Should the school have given the kid supplemental vegetables and milk for lunch? Maybe not, but I can also understand why the school did that- they thought it was okay as long as they did not charge the mother since that's why she was complaining about.

And, I would point out this program with its nutritional requirements was a opt-in program which this mother to chose to participate in and take advantage of state subsidized programs. Its like when the goverment gives out its federal money with strings attached to the states. If the state doesn't like those conditions that the federal government places on that money, then the state doesn't and shouldn't accept that money. If the mom doesn't agree with those nutrional guidelines set forth by the school, then she didn't have to send her kid to this program and could have sent her kid to another school.

Riley
Riley

The mother didn't even have an issue with the chicken nuggets. Instead, the mom was complaining about the school for supplementing her daughter's lunches with milk and vegetables because she was too poor to pay for that cost, even though she was never charged for that.

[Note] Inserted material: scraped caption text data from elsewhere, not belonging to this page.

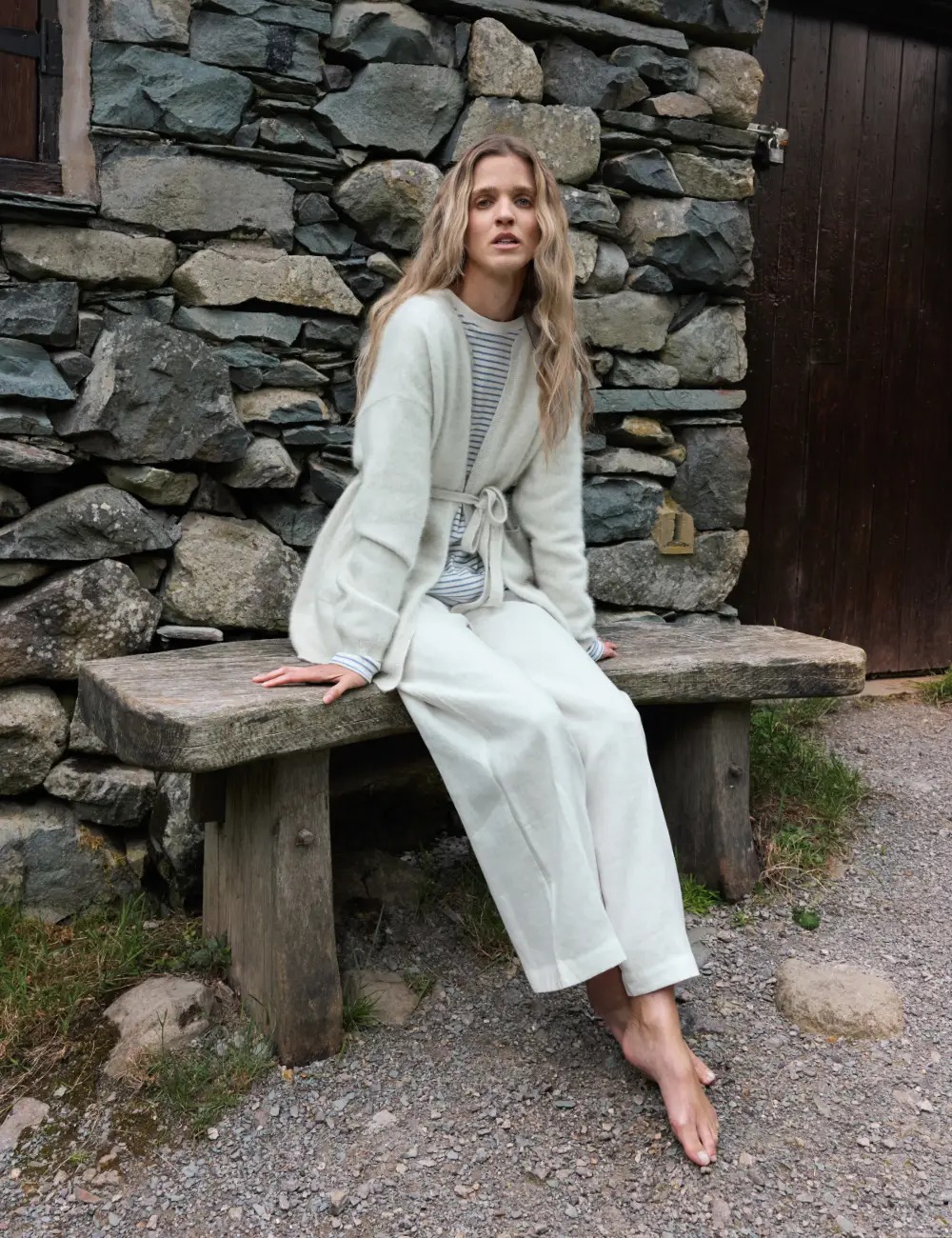 Woman in a pale tailored look seated beside a stone wall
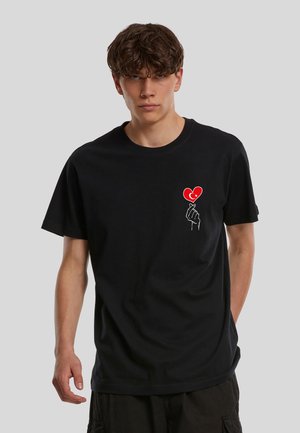 Jeune homme portant un t-shirt noir avec une main blanche tenant un cœur rouge orné d'un croissant de lune et d'une étoile sur la poitrine.
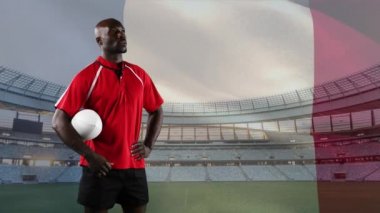 Bir Afro-Amerikan erkek rugby oyuncusu bir top tutan ve arka planda Fransız bayrağı ve stadyum üfleme ile etrafa bakarak Animasyon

I don't know if you got your information from here or Fox News, but here's some of the facts they wouldn't tell you:

1) the kid's home-packed lunch was never taken away; it was supplemented with the school's lunch.

2) the kid's home-packed was not replaced with just chicken nuggets; the kid was given a full lunch tray that contained chicken nuggets, milk, a fruit, and a vegetable. But, the kid only ate the chicken nuggets and threw everything else away.

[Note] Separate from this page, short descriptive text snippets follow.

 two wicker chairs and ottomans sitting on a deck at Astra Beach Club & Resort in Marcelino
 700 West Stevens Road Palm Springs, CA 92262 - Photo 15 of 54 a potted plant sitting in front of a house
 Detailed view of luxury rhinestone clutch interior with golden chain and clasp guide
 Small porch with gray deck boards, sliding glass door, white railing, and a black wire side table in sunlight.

3) there was no state inspector there to police school lunches; there was a researcher at the school assessing pre-schools on a comprehensive evaulation called the Early Childhood Environment Rating Scale-Revised. But, that researcher had no authority or agency to order the child to get a healthier lunch.

4) the mom was never charged for that lunch.

The North Carolina Division of Child Development and Early Education investigated this matter, and released a statement stating it, "“determined that no employee of DHHS, nor the Division of Child Development and Early Education (DCDEE) or its contractors, instructed any child to replace or remove any meal items. Furthermore, it is not DHHS’ policy to inspect, go through or question any child about food items brought from home. The facts we have gathered confirm that no DHHS employee or contractor did this.”

FishWithoutBicycle
FishWithoutBicycle

"2) the kid's home-packed was not replaced with just chicken nuggets; the kid was given a full lunch tray that contained chicken nuggets, milk, a fruit, and a vegetable. But, the kid only ate the chicken nuggets and threw everything else away."

Didn't I just say it didn't matter if the home-made lunch was taken or "supplemented"? It's the fact that the mother sent her child to school with a lunch containing items SHE deemed nutritionally adequate and they gave the child another entire meal with greasy chicken nuggets which the child ate instead of the lunch packed the mother. So you're defending offering a child a more unhealthy option (chicken nuggets) than a lunch packed by their own parent which contained much healthier fare? Don't you think the parent might have a little more insight into the child's needs than the school? To me, it's a matter of principle. And I don't watch FAUX News.